(Recorded data)
=== Begin Enclosure ===
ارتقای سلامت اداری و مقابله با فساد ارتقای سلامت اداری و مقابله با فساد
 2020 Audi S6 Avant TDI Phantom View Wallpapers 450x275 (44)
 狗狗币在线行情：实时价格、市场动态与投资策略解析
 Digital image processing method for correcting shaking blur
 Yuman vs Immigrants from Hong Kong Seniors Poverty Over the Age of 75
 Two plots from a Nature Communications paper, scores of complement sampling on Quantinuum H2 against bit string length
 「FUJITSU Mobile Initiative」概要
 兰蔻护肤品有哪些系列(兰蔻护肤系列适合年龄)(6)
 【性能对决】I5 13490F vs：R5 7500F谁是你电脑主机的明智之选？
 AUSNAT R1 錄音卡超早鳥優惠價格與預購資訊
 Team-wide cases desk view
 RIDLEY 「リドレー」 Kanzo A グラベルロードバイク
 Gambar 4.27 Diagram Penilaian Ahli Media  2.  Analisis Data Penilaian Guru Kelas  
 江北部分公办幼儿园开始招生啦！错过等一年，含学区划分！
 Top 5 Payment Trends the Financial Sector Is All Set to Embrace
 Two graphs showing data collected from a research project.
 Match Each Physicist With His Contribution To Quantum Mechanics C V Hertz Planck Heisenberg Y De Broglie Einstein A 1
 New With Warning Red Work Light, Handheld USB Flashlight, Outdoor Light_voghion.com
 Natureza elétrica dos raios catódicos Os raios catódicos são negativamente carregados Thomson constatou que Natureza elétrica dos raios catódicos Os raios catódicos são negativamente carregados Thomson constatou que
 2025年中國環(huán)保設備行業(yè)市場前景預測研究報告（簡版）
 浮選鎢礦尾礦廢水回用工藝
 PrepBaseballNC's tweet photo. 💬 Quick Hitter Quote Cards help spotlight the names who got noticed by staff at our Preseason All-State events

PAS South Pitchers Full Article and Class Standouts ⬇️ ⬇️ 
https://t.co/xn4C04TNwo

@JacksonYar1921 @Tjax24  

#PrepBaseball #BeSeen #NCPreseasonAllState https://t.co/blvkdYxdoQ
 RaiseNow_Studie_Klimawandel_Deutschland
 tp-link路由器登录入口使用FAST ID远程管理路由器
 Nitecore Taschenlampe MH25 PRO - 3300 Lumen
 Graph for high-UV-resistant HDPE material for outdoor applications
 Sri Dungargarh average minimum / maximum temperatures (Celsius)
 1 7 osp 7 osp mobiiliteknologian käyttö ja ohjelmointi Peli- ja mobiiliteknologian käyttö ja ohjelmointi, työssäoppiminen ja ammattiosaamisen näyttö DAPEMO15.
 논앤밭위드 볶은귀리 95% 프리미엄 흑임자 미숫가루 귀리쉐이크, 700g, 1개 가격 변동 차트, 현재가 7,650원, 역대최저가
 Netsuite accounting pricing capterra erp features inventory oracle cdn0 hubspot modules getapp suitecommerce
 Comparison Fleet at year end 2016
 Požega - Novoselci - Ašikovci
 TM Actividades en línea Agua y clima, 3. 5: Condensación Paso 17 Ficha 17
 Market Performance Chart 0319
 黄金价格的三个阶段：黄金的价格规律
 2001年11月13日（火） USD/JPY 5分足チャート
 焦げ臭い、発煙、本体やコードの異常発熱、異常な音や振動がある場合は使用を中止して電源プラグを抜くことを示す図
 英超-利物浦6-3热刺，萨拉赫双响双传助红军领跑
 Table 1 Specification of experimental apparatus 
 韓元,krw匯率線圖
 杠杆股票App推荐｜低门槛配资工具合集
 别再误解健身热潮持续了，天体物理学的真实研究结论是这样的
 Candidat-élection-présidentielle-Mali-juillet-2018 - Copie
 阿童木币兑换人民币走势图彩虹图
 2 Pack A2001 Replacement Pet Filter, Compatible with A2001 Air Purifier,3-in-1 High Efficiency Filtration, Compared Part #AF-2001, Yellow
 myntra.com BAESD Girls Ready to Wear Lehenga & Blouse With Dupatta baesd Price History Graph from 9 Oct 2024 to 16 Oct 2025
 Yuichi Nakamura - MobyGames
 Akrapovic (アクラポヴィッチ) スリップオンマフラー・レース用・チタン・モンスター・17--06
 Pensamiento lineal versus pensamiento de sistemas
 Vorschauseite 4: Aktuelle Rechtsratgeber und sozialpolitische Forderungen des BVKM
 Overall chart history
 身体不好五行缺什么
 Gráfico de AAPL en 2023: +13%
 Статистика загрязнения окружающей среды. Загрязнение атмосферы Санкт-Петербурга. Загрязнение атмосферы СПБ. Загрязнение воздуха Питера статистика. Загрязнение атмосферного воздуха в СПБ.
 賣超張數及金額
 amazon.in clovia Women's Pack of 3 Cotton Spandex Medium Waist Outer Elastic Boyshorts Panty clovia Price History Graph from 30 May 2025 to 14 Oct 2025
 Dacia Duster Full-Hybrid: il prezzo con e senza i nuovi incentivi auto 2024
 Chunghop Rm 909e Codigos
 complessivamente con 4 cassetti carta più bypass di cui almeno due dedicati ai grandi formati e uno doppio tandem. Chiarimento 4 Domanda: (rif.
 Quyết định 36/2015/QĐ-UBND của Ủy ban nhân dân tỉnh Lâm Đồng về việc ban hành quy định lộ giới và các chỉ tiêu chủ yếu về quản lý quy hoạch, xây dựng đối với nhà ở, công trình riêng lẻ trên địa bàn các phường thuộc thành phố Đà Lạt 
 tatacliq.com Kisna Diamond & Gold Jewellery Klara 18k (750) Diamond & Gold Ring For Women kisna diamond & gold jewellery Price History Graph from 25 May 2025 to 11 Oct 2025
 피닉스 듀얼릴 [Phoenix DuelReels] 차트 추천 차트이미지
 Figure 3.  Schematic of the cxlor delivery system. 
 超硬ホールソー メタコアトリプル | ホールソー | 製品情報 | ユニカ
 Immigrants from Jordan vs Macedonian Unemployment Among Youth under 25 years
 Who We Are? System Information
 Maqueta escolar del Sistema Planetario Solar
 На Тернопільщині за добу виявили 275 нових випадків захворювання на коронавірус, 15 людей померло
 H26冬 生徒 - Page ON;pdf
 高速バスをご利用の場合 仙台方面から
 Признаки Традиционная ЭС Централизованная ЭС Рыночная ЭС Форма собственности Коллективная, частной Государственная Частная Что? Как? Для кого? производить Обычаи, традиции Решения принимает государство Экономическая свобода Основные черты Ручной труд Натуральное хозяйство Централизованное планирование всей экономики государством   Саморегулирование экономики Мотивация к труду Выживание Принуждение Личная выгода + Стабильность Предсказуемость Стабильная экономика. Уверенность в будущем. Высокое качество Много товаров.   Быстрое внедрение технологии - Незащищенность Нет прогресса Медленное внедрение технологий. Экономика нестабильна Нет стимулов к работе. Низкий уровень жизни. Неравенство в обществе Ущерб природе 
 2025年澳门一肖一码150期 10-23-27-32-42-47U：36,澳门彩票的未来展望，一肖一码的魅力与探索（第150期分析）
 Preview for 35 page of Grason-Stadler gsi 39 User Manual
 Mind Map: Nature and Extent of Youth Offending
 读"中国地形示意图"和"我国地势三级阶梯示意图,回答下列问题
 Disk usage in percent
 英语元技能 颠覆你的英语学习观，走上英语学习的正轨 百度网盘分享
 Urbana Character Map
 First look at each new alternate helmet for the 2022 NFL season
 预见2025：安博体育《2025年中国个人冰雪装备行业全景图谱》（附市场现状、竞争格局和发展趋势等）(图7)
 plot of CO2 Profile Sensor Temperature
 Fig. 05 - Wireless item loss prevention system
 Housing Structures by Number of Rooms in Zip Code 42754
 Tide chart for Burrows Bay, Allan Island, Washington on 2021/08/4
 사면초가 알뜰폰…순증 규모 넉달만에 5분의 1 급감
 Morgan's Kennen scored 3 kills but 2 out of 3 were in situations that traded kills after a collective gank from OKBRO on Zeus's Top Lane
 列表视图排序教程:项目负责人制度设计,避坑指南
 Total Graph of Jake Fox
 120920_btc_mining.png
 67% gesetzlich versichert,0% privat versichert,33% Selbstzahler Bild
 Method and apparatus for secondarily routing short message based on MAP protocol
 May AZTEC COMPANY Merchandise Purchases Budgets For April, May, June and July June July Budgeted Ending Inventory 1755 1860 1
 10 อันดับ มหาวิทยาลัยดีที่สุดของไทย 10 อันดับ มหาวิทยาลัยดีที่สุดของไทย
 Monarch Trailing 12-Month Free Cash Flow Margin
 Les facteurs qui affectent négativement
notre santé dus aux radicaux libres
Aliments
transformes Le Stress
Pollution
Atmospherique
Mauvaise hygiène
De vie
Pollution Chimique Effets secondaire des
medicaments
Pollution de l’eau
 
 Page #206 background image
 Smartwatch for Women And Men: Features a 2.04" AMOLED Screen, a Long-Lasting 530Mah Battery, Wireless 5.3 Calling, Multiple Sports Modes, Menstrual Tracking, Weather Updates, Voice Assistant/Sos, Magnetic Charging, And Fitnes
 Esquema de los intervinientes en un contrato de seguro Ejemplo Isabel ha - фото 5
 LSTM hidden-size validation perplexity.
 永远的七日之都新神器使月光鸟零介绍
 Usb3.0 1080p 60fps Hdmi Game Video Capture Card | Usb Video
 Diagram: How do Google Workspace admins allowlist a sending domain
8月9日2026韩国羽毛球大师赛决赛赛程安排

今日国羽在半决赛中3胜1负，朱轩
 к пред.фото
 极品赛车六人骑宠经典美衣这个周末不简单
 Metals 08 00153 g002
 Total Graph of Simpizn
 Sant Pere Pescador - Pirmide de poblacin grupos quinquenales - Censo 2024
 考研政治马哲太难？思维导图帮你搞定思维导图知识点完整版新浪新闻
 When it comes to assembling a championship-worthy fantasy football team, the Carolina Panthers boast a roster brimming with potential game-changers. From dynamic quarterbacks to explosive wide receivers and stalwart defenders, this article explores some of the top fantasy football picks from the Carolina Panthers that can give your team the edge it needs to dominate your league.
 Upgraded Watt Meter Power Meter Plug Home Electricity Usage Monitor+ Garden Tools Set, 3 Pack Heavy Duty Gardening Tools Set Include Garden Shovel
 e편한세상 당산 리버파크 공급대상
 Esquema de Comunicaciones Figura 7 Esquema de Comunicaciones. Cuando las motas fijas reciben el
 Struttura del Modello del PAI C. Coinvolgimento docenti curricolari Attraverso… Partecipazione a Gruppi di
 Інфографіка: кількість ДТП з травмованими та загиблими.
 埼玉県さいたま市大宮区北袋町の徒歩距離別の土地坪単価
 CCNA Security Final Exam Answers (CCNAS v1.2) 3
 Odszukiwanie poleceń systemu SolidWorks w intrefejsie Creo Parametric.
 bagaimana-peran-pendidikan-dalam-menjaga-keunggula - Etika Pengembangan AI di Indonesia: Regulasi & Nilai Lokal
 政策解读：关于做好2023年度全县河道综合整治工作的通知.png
=== End Enclosure ===
» **REQUIREMENT**:
Transcribe the records above from the line holding "13490F vs：R5 7500F谁是你电脑主机的明智之选？" down to the line holding "논앤밭위드 볶은귀리 95%", inclusive, without adding anything.

» **ANSWER FOR THE TASK**:
 【性能对决】I5 13490F vs：R5 7500F谁是你电脑主机的明智之选？
 AUSNAT R1 錄音卡超早鳥優惠價格與預購資訊
 Team-wide cases desk view
 RIDLEY 「リドレー」 Kanzo A グラベルロードバイク
 Gambar 4.27 Diagram Penilaian Ahli Media  2.  Analisis Data Penilaian Guru Kelas  
 江北部分公办幼儿园开始招生啦！错过等一年，含学区划分！
 Top 5 Payment Trends the Financial Sector Is All Set to Embrace
 Two graphs showing data collected from a research project.
 Match Each Physicist With His Contribution To Quantum Mechanics C V Hertz Planck Heisenberg Y De Broglie Einstein A 1
 New With Warning Red Work Light, Handheld USB Flashlight, Outdoor Light_voghion.com
 Natureza elétrica dos raios catódicos Os raios catódicos são negativamente carregados Thomson constatou que Natureza elétrica dos raios catódicos Os raios catódicos são negativamente carregados Thomson constatou que
 2025年中國環(huán)保設備行業(yè)市場前景預測研究報告（簡版）
 浮選鎢礦尾礦廢水回用工藝
 PrepBaseballNC's tweet photo. 💬 Quick Hitter Quote Cards help spotlight the names who got noticed by staff at our Preseason All-State events

PAS South Pitchers Full Article and Class Standouts ⬇️ ⬇️ 
https://t.co/xn4C04TNwo

@JacksonYar1921 @Tjax24  

#PrepBaseball #BeSeen #NCPreseasonAllState https://t.co/blvkdYxdoQ
 RaiseNow_Studie_Klimawandel_Deutschland
 tp-link路由器登录入口使用FAST ID远程管理路由器
 Nitecore Taschenlampe MH25 PRO - 3300 Lumen
 Graph for high-UV-resistant HDPE material for outdoor applications
 Sri Dungargarh average minimum / maximum temperatures (Celsius)
 1 7 osp 7 osp mobiiliteknologian käyttö ja ohjelmointi Peli- ja mobiiliteknologian käyttö ja ohjelmointi, työssäoppiminen ja ammattiosaamisen näyttö DAPEMO15.
 논앤밭위드 볶은귀리 95% 프리미엄 흑임자 미숫가루 귀리쉐이크, 700g, 1개 가격 변동 차트, 현재가 7,650원, 역대최저가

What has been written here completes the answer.